[-empyre-] An "other" view of writing, performance

Green Jo-Anne jo at turbulence.org
Tue Oct 6 10:28:57 EST 2009


Hi Patrick,

The other voices are not those of the authors; they're (hopefully)  
those of the "readers."

The open history is meant to allow both unknown artists/authors to  
add their voices, and for the original authors to revise their texts  
over time.

The present book is not the future book ... unless no one  
participates in updating and revising it. One of the most striking  
features of Wikipedia is how quickly history is revised as real-time  
events impact various texts -- a Tsunami wipes out three villages in  
Indonesia; the Indonesia page on Wikipedia is immediately and forever  
changed. Ted Kennedy dies; within moments, his Wikipedia page  
reflects his passing; tenses are changed; date of death is filled in.

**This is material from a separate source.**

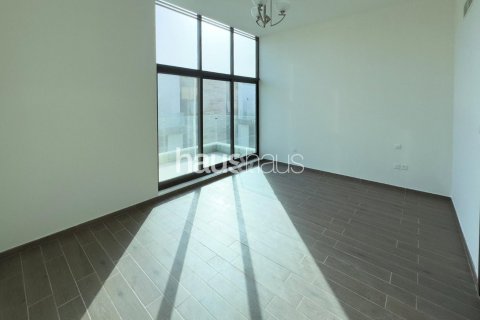 Townhouse di Mohammed Bin Rashid City, Dubai, UEA 4 kamar tidur, 288 m2 nomor 625262 - foto 14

Networked can be this kind of book.

Some parts of your essay will not change, because they are fixed in  
time. Sections that refer to a more recent past may change to reflect  
insights you've gained from critical distance.

The print version is a big maybe. I don't see any reason to print the  
texts as they are. On the other hand, if people take the time to  
argue with and add to the original texts, the possibility of printing  
a version 2.0 and, later, a version 3.0 would be worthwhile.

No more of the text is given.